A mnie sie kompik zepsuł i dipero dzisaj Adam go naprawił! Ale za to nie traciłam czasu
na komputerkowanie tylko świętowanie. Chciałoby sie powiedziec święta, święta i po świętach! Było prawie fajnie. Moja mama znowu jak co roku zawaliła i Hipek nie spędził z nią wigilii, ale i tak było miło z moim braciszkiem. Potem byliśmy u babci ale odkąd umarł dziadzius to jest jakos pusto i smutno. A wczoraj byliśmy u babci Adama i bardzo sie zdiwiłam bo zawsze jest tam dośc nie fajnie a teraz Hipek się osmielił i szalał z dzidkiem (niestety nie z tesciem tylko z dziadkiem Adama) i babcią. Aż miałam łzy w oczach jak się bawili bo mi jest bardzo przykro że Hubert nie ma prawdziwego dziadka a z Tym widujemy się dwa razy do roku. Ojciec Adama wogóle nie podszedł nawet do małego nie wziąl go ani nie zagadał i matka też
Smutne to ale cóż tacy są. Za to cicia i dziadkowie ciągle go nosili i bawili, wreszcie mieliśmy chwilę oddechu.
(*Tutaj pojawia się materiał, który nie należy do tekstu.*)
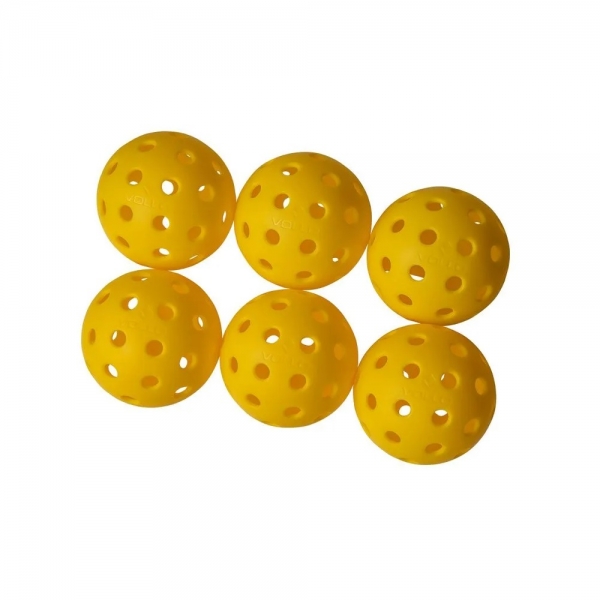 Kit 6 Bolas Pickleball 40 Furos Vollo - Amarelo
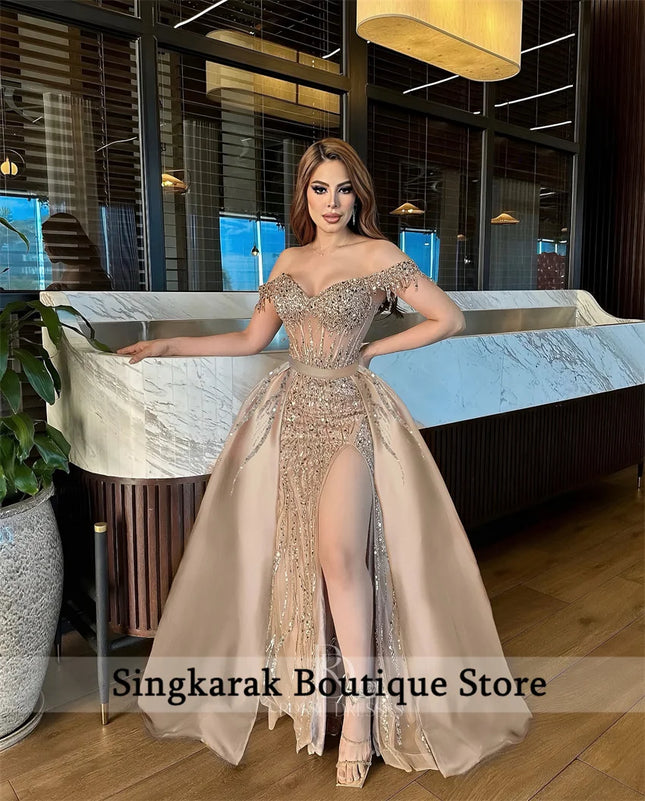 Champagner Perlen Abendkleid 2026 Kristalle Perlen Ball Party Hochzeitskleider mit abnehmbarer Schleppe Vestidos Maßanfertigung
I jeszcze Hipek dostał kopertę! Głupie to bo dziadkowie bogaci nie są ale tak zawsze robią.
Aga gratuluję tej pracy mam nadzieje że na zawsze.
Sole wszystkiego najlepszego z okazji rocznicy!
A lukier to robie z cukru pudru i po kropelce dolewam mleka lub smietany az będzie gęsty albo dodaje sok z buraka. Wiem ze się nie przyda ale może za rok. Ja swoje pierniczki ładnie zapakowałam dodałam aniołka i dałam babciom.
Monika tez o tym myslałam więc zaraz zalożę nowy wątek.